[ENTRIES SUPPLIED]
___

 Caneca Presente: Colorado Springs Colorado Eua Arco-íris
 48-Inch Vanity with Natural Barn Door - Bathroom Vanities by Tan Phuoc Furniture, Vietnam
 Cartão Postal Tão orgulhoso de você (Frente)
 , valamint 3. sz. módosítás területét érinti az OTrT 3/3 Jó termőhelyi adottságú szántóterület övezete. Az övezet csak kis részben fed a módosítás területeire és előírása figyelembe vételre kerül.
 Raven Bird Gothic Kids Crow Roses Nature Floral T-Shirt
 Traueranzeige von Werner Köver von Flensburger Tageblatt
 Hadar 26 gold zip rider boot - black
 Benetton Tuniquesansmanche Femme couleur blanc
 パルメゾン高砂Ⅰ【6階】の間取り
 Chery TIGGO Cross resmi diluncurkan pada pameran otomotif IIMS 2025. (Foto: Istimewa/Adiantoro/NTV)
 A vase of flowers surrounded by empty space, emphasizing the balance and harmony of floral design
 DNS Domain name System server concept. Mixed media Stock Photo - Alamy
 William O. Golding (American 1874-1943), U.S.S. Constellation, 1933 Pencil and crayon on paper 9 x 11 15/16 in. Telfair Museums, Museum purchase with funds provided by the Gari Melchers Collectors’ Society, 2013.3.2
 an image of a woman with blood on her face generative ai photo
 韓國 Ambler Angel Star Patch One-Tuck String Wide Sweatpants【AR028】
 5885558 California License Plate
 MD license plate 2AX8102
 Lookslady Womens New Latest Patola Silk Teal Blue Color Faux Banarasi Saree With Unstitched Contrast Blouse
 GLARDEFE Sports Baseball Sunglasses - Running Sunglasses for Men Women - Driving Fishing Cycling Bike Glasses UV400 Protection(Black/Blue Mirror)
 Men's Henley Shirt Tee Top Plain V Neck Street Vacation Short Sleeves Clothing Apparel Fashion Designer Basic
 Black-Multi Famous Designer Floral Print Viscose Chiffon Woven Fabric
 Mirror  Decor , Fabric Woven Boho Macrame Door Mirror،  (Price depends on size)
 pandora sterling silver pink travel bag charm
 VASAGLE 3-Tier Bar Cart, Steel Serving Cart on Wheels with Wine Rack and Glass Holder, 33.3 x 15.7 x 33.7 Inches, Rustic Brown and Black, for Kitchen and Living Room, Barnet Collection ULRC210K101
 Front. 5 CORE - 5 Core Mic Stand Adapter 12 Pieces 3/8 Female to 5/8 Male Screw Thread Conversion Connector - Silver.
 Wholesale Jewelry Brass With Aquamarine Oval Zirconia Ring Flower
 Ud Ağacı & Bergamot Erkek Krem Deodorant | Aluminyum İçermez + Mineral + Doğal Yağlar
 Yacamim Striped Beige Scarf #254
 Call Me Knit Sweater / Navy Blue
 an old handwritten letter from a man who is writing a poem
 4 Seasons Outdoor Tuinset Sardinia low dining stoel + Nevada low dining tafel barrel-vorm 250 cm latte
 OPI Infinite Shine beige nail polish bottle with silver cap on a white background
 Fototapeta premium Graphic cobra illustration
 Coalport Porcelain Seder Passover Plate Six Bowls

___

[BRIEF]
When a line of the material holds "Blue", count it once, and then give the final number alone.

[SOLUTION TO THIS EXERCISE]
3